O projeto de lei foi apresentado ao parlamento na semana passada, faltando apenas três dias de sessão no calendário parlamentar. Recebeu 15 mil inscrições por dia. Entre estes estava um da Amnistia Internacional recomendando que o projeto não seja aprovado porque uma “proibição que isole os jovens não cumprirá o objectivo do governo de melhorar a vida dos jovens”.
O número de respostas aumentou dramaticamente, a emissora australiana ABC relatadodepois que o proprietário do X, Musk, postou novamente um tweet de Albanese anunciando que o projeto de lei seria apresentado naquele dia, escrita“Parece uma forma secreta de controlar o acesso à Internet por todos os australianos.” A maioria das submissões foi uma resposta de formulário, informou a ABC, com menos de 100 submissões feitas por grupos de interesse.
Musk entrou em conflito repetidamente com o governo australiano este ano por causa de pedidos para remover conteúdo gráfico e legislação separada destinada a combater mentiras deliberadas espalhadas em plataformas de mídia social.
Na terça-feira desta semana, o Comitê de legislação de meio ambiente e comunicações do Senado apoiou o projeto de lei, mas acrescentou a condição de que as plataformas de mídia social não obrigassem os usuários a enviar dados pessoais, incluindo informações de passaporte. Não está claro quais métodos as empresas de mídia social usariam para impor restrições de idade,
UM Pesquisa YouGov divulgado na terça-feira desta semana mostrou que 77% dos australianos apoiaram a proibição, acima dos 61% em uma pesquisa de agosto. Cada um dos oito líderes estaduais e territoriais da Austrália apoia a proibição, embora o líder da Tasmânia tenha sugerido que terminasse em 14. A oposição federal apoia o projeto de lei, alegando que o teria feito mais cedo – prometeu ter uma proibição em vigor dentro de 100 dias se fosse vence as eleições do próximo ano.
Mas 140 especialistas assinaram um carta aberta expressando a sua preocupação pelo facto de o projeto de lei ser “um instrumento demasiado contundente para abordar os riscos de forma eficaz”. Entre as suas preocupações está o facto de “criar ainda mais riscos para as crianças que ainda podem utilizar plataformas” e de as proibições “afectarem os direitos de acesso e participação”. A comissão de direitos humanos da Austrália tem “reservas sérias” sobre a proibição, “dado o potencial destas leis interferirem significativamente nos direitos das crianças e jovens”.

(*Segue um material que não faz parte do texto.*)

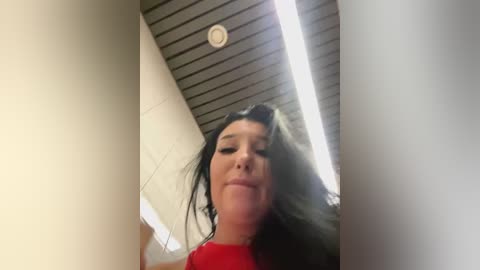 Media: Video of a woman with long black hair, wearing a red top, standing in a modern room with a slanted ceiling and fluorescent lighting.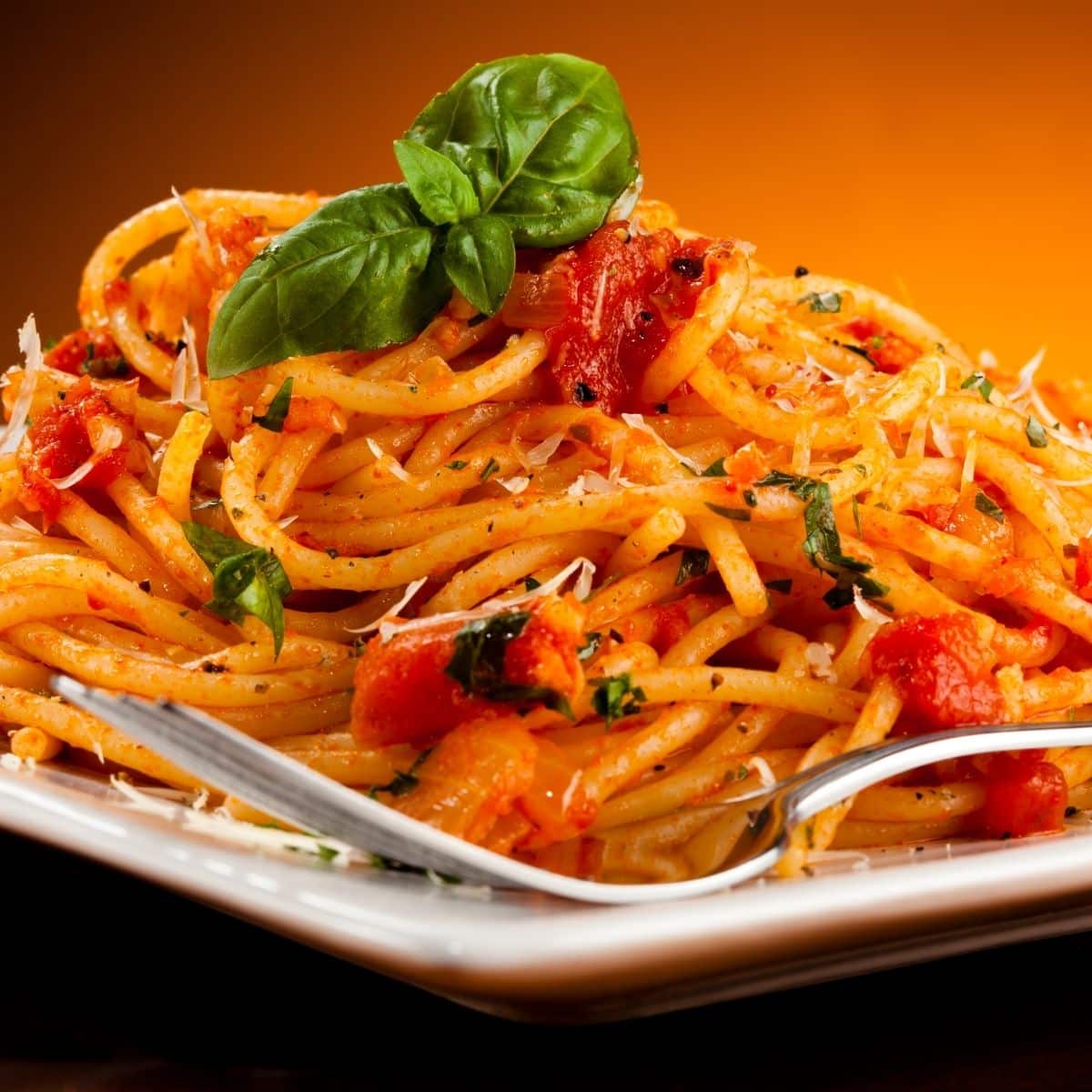 plate of spaghetti with red tomato sauce and basil garnish.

Um dos autores de um Estudo no Reino Unido com 17.400 jovens citado pelo governo em apoio à proibição disse que o governo australiano “compreendeu mal o propósito e as conclusões” da pesquisa, Crikey relatado.

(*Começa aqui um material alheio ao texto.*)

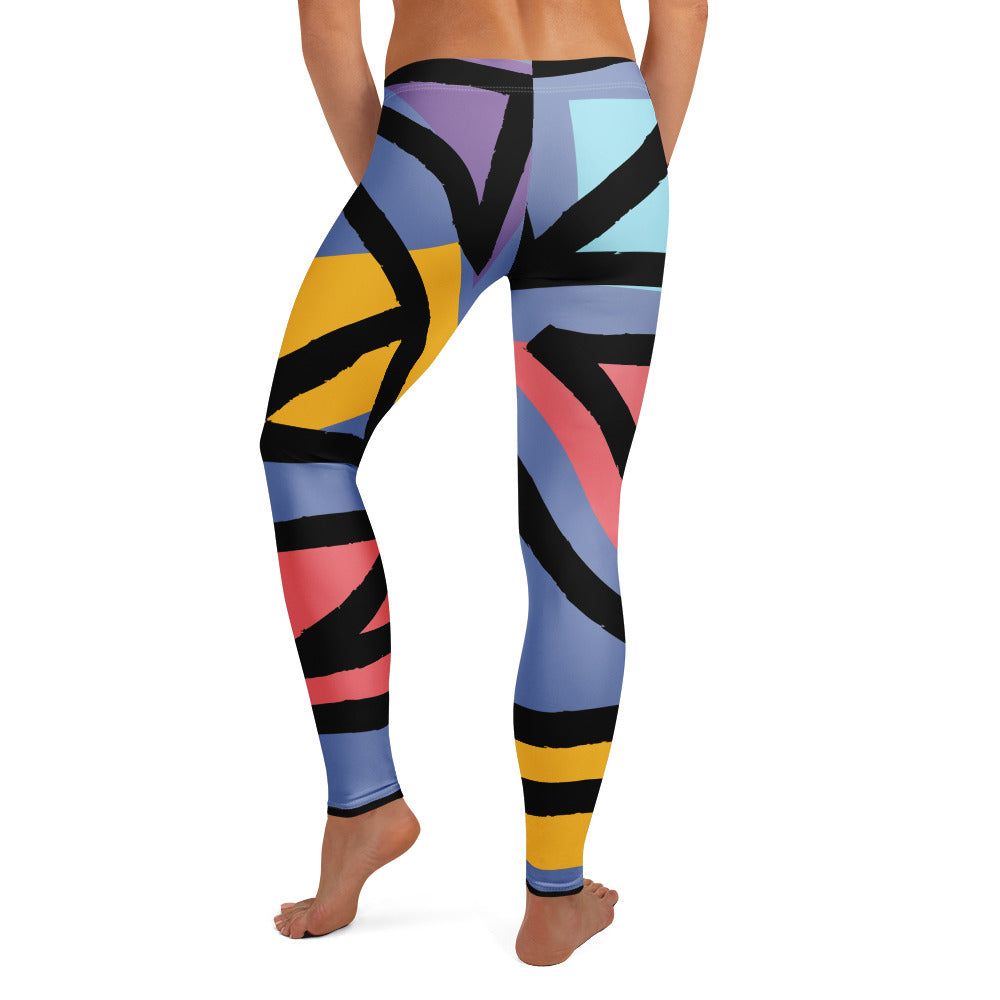 Geometric pattern leggings, close view of blue fabric with black, yellow, and pink shapes.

“As vozes das crianças e dos jovens têm estado visivelmente ausentes na maior parte do debate e dos comentários”, escreveu o deputado independente Andrew Wilkie, num artigo para o Guardian Australia explicando porque mudou de ideias, passando de apoiar a proibição para discordar dela.
Christopher Stone, diretor executivo da Suicide Prevention Australia, disse em comunicado: “O governo está vendado contra uma parede de tijolos.
“Questões complexas como esta requerem consulta e consideração cuidadosas, e não atalhos. Instamos o governo a abrandar e a envolver-se com as partes interessadas para garantir que fazemos isto da maneira certa para os jovens.”